TASK TO COMPLETE => The expected output is an exact copy of the lines from the one containing "Огляд центрального цвинтаря" to the final line below, minus any pictures.

STORED DATA =>
====================
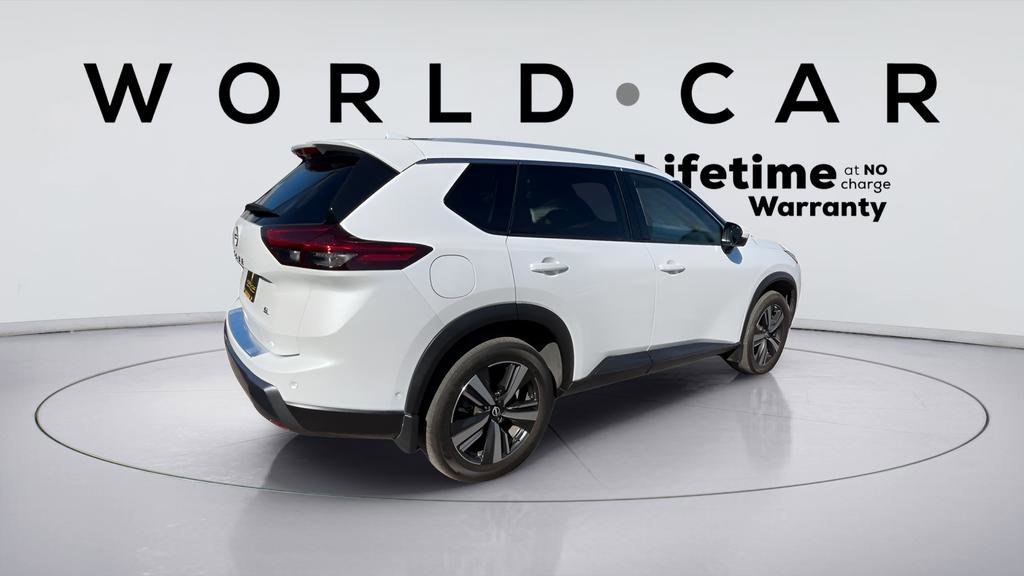 Used 2024 Nissan Rogue SL w/ SL Premium Package image 7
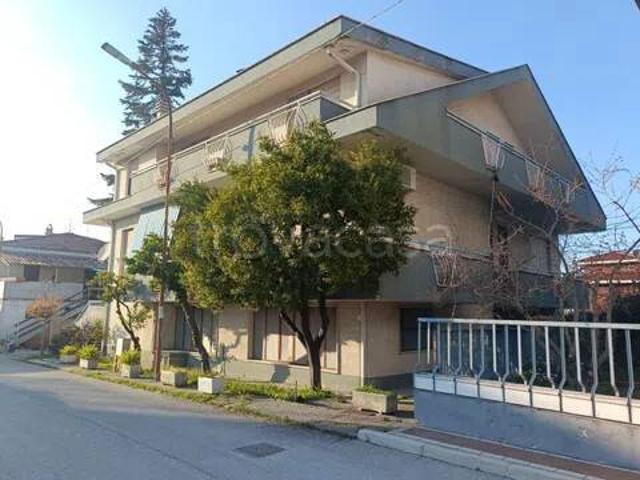 Villa Indipendente in vendita a Tollo, Abruzzo
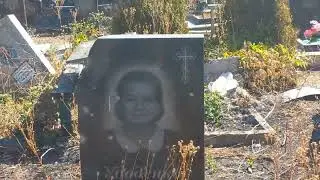 Огляд центрального цвинтаря міста Оріхїв яке знаходиться біля першої школи.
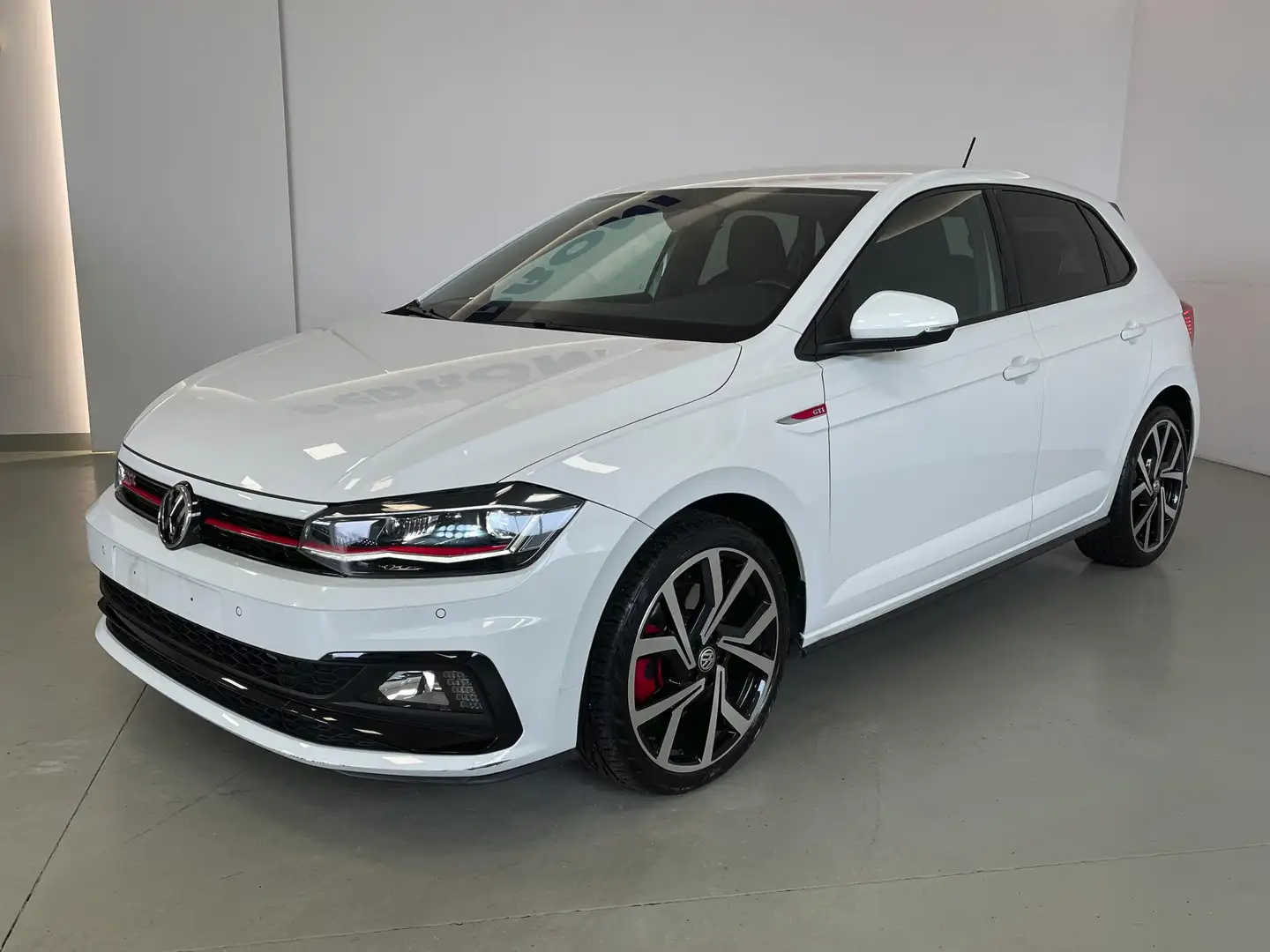 Volkswagen Polo GTI 2.0 TSI DSG 200CV - 2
====================
RESPONSE =>
 Огляд центрального цвинтаря міста Оріхїв яке знаходиться біля першої школи.
 Volkswagen Polo GTI 2.0 TSI DSG 200CV - 2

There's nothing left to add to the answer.